**DIRECTIONS:** Once "VENICE, ITALY - MAY" turns up in a line below, reproduce that line and those after it exactly, stopping after the line with "a large kitchen"; leave pictures out.

**GIVEN DATA:**
──────

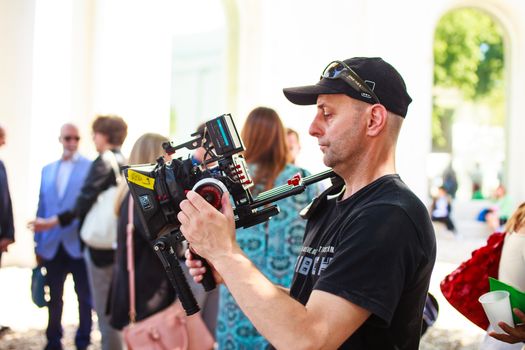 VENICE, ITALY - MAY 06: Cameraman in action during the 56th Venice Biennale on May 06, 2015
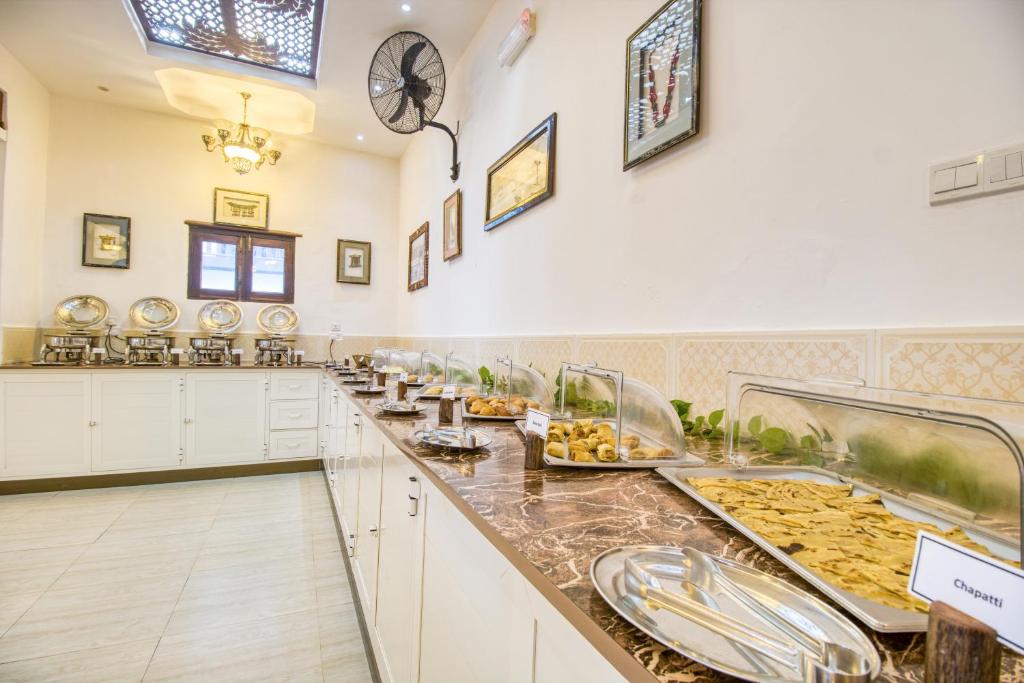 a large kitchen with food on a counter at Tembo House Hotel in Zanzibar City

──────

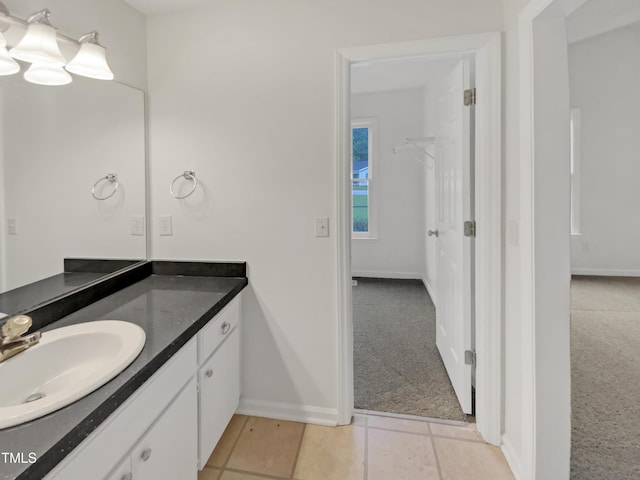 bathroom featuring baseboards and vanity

──────

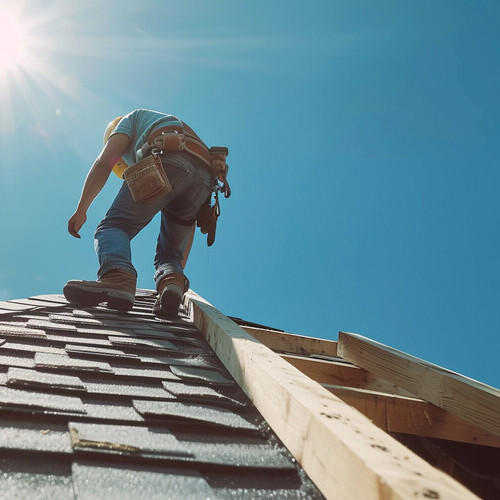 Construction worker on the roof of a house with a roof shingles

──────

**ANSWER:**
 VENICE, ITALY - MAY 06: Cameraman in action during the 56th Venice Biennale on May 06, 2015
 a large kitchen with food on a counter at Tembo House Hotel in Zanzibar City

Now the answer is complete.